Economic Critical Mass
Critical mass analysis is already done. The town needs 10,000± people living in 4,000± buildings to provide critical mass for local-to-local (L2L) businesses. Rather than market homes first-come/first-serve, when the project begins, it looks to fill 250± L2L job types – from accountants to zythepsarists (look it up). It sets out the number of L2L jobs a 10,000 population town requires. For example, it needs no less than three barbershops with three barbers each.
L2L works out to up to 80% of the total local jobs. The other 20% of the jobs are local-to-global (L2G) meaning people who can work anywhere there is good broadband. They become the money importers to provide a 5X money turn.
Whenua: The next critical factor is the another right mentioned in Te Tiriti – whenua – contiguous land that includes the kāinga, but also a necessary surrounding greenbelt to prevent cross-boundary conflicts and provide a non-residential natural environment. The optimal total whenua size is about 200 hectares with an inner urban core covering about 40-45% (85± hectares).
The greenbelt serves many purposes, but the first is to reduce objections from rural neighbours for the proposed new kāinga/market town. All they will see is a belt of trees. With no outbound commuters, their roads will not suffer congestion. They will get a new regional economic engine in their midst but without the adverse effects that accompany American-style zoning. The Greenbelt also enables energy and water self-sufficiency. No new burden on the power grid, no digging up roads to bury new council pipes.
The People: The social benefit comes in how the urban core is designed. While 10,000 people is the optimal economic number, the social critical-mass number is much smaller. People thrive best in communities of 250 to 750, where they know each other and take care of their own. To achieve this, segment the town into clusters – call them villages – of about 200± buildings (500± people) each.
How to enable people and communities
During the founding of the town, future residents identify which cluster/village appeals to them, and using a charrette process, the founding villagers set out the look and feel of their future village. The RMA describes this in its core purpose as enabling people and communities to provide for their economic, social and cultural wellbeing – an aspiration mostly ignored by the failed practices that have given NZ its largest source of CO₂ pollution. Thanks to modern technology, that charrette process can now be done online.
This front-ending of future residents has numerous benefits lost in conventional planning. People get to know each other. They become stakeholders – quite literally. It also makes selling the homes much easier as people already have social networks – shared commonality where they crowd-source their future neighbours.
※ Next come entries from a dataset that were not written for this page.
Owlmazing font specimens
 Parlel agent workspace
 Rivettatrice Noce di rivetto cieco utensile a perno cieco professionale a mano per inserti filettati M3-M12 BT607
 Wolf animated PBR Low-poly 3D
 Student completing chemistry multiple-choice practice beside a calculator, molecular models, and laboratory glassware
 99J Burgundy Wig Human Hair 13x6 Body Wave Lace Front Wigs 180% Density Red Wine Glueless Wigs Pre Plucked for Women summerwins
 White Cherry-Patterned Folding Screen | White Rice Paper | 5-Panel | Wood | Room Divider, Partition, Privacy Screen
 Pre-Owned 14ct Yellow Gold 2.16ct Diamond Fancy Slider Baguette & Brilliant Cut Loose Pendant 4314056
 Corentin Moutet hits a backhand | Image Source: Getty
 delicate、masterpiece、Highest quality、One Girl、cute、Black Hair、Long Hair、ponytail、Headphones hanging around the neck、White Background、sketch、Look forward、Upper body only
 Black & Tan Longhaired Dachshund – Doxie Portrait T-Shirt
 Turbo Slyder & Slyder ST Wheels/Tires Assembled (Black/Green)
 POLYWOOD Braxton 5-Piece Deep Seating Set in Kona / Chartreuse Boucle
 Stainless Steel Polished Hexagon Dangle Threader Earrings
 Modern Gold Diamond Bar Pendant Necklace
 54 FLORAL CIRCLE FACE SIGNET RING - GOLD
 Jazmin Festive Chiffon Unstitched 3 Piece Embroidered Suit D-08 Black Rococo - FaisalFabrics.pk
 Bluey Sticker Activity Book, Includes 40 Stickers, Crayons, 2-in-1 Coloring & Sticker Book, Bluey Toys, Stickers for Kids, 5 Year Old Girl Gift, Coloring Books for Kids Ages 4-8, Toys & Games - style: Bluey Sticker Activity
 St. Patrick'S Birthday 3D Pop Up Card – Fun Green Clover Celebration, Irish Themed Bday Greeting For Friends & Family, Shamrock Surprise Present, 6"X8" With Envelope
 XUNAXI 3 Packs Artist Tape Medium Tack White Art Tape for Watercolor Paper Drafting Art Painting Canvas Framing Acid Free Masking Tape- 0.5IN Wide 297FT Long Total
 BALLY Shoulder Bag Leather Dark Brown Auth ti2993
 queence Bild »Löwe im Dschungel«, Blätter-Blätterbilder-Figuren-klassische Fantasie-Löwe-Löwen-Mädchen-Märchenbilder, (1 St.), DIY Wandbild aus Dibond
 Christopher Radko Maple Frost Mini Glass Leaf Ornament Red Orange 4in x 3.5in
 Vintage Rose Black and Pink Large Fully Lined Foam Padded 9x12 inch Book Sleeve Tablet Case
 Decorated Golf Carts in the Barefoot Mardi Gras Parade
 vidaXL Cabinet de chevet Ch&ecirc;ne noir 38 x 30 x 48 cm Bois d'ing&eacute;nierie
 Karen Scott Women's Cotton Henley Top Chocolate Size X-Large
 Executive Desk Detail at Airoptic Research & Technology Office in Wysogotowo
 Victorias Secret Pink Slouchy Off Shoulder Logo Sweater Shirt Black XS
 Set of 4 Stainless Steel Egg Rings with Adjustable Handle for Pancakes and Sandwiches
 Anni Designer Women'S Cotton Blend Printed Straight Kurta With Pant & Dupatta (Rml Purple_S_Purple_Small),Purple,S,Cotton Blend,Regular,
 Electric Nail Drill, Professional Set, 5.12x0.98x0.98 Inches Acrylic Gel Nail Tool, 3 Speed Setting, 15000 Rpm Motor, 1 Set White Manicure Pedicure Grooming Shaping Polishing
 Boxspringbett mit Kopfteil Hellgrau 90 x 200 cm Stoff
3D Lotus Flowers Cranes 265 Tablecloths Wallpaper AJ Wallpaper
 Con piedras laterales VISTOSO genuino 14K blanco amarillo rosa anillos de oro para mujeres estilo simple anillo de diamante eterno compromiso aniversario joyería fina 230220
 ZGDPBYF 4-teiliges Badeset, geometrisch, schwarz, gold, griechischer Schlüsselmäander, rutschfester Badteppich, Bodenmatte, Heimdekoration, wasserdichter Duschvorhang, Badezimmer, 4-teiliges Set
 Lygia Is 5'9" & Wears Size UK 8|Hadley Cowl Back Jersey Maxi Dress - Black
In a multi-cultural society, this commonality provides a stronger sense of safety and social connection than new development devised by government planners or conventional private developers.
Shared public space means smaller, more sustainable private homes
A critical design feature of each village is a careful balance of private and public space, where the public space enables people to fulfil their social needs with smaller, hence more environmentally-efficient homes. Each village is built around a public plaza with affordable and accessible amenities they frequent daily. The plaza has a village-owned café where everyone can afford three nutritious, flavourful meals a day if they don’t want to cook at home. Primary school classrooms and child care are on the plaza, significantly lowering the capital cost of education, and providing children with 24/7 adult role models. Each plaza has a community-owned, self-insured nursing care facility so no one, regardless of infirmity, is forced to leave their community. And to ensure support for the creative class that makes community-life more vibrant and prevent gentrification, the development funds artist guild halls on each plaza.
Permanent affordable housing – eliminate economic polarisation
A critical element in an increasingly polarised world of the haves and have-nots, 20% of the housing is “parallel market”, meaning ownership is structured to always remain affordable to those who cannot compete with higher income or high-net-worth buyers who increasingly displace the have-nots. By building affordability in at the onset, and ensuring affordability forever, the community remains a complete, not elite, community regardless of how desirable it becomes (and it will become desirable).
The government has the means to build kāinga/market towns today. Called the Urban Development Act, the properly-named Kāinga Ora holds the authority it needs to draft the prototype plan, then find the most suitable land and implement the project. And in doing so, it ends up costing the taxpayer nothing. Instead, it becomes a profit centre for the host council and central government, because its demand on rate and taxpayer services are much lower than the current American-style transport-zoned developments.